[Dataset records]

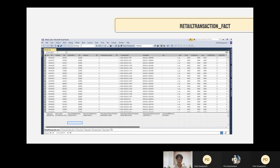Lastly, we sum the measures in the retail transaction fact table: quantity, profit, net sale amount, and each type of discount for each product — the discount total amount, the discount line amount for vendor, company, and loyalty, and lastly the discount bill amount.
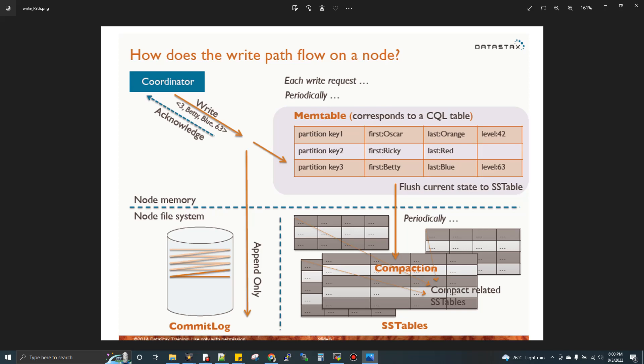Your inserts get first stored in memory only, in the memtable. In parallel, it writes the information in the commit log. Once the write is successful, the commit log gets cleared. After certain criteria is reached, the memtable content is flushed to disk. There are three ways the data moves from memtable to disk. First, memtable has a defined size, sometimes 128MB, 256MB, or even 1GB. When that size is reached, it flushes to disk.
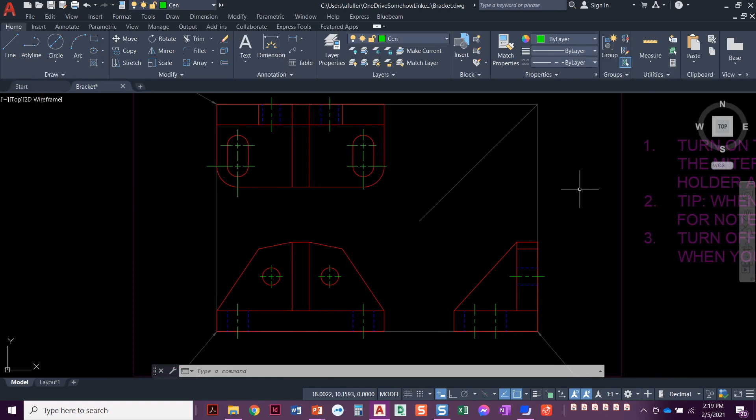And that is it — we are done with this project. In Chapter 5, we're going to learn about mechanical dimensioning. We're going to go back to this project and add dimensions. We've got to learn all about dimensioning in Chapter 5 before we do that, so for now you're done. Chapter 5 you'll learn how to dimension, come back to this project, dimension it, and that's when you hand it in for a grade. You have done the bracket — congratulations.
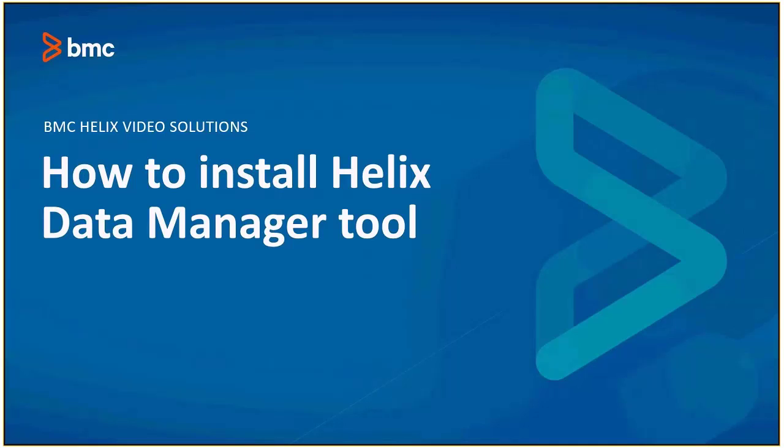Hello and welcome to the BMC Helix video solutions. Let's watch the video on how to install Helix Data Manager tool. This tool is important for data migration.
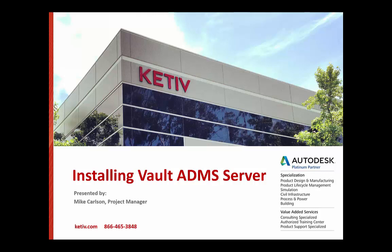Hey there, it's Mike Carlson again from Kativ. Now we are on to our third video in our series for Vault Do-It-Yourself. And this video is going to focus on installing the Vault ADMS server.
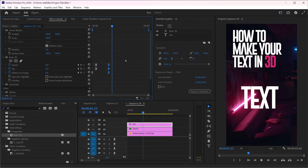You can spend more time and animate this beautifully, but here is the way you can animate your text in 3D.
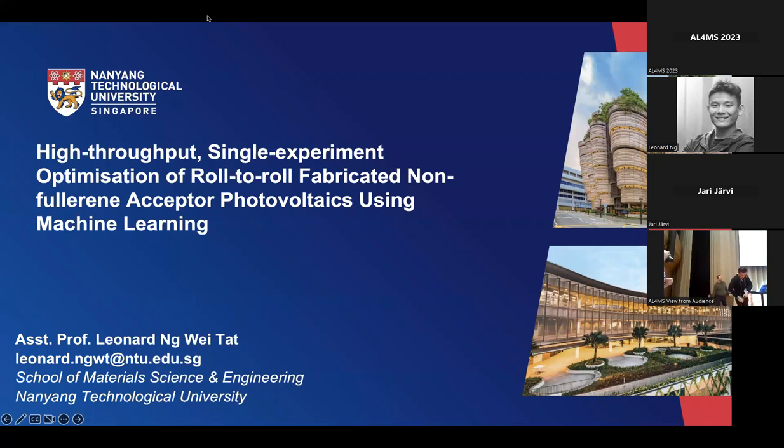Our next speaker is from Singapore. Welcome to Leonard Ng, who will be talking about high throughput experiments.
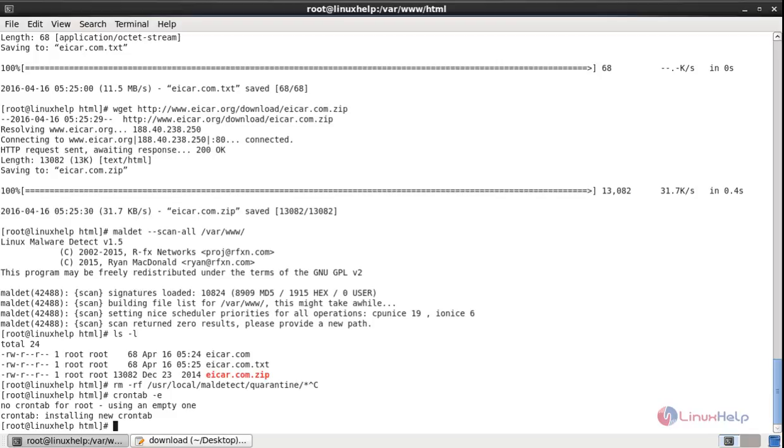Malware detect. Now the malware detect is integrated with the cron. The Linux Malware Detect and ClamAV is successfully installed. Thank you for watching.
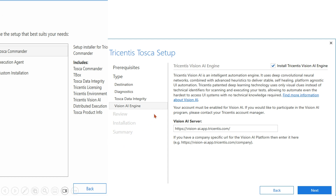You need credentials for Vision AI from your application lead or Tosca lead — whoever handles the installation. That person should have access to the Vision AI server and should be able to add you in user management. Once added, you will be able to scan using Vision AI and perform all the options available.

* [TASK INSTRUCTIONS] The response should contain every record above exactly as written, and none of the pictures.

* [OUTPUT FOR THIS TASK]
Lastly, we sum the measures in the retail transaction fact table: quantity, profit, net sale amount, and each type of discount for each product — the discount total amount, the discount line amount for vendor, company, and loyalty, and lastly the discount bill amount.
Your inserts get first stored in memory only, in the memtable. In parallel, it writes the information in the commit log. Once the write is successful, the commit log gets cleared. After certain criteria is reached, the memtable content is flushed to disk. There are three ways the data moves from memtable to disk. First, memtable has a defined size, sometimes 128MB, 256MB, or even 1GB. When that size is reached, it flushes to disk.
And that is it — we are done with this project. In Chapter 5, we're going to learn about mechanical dimensioning. We're going to go back to this project and add dimensions. We've got to learn all about dimensioning in Chapter 5 before we do that, so for now you're done. Chapter 5 you'll learn how to dimension, come back to this project, dimension it, and that's when you hand it in for a grade. You have done the bracket — congratulations.
Hello and welcome to the BMC Helix video solutions. Let's watch the video on how to install Helix Data Manager tool. This tool is important for data migration.
Hey there, it's Mike Carlson again from Kativ. Now we are on to our third video in our series for Vault Do-It-Yourself. And this video is going to focus on installing the Vault ADMS server.
You can spend more time and animate this beautifully, but here is the way you can animate your text in 3D.
Our next speaker is from Singapore. Welcome to Leonard Ng, who will be talking about high throughput experiments.
Malware detect. Now the malware detect is integrated with the cron. The Linux Malware Detect and ClamAV is successfully installed. Thank you for watching.
You need credentials for Vision AI from your application lead or Tosca lead — whoever handles the installation. That person should have access to the Vision AI server and should be able to add you in user management. Once added, you will be able to scan using Vision AI and perform all the options available.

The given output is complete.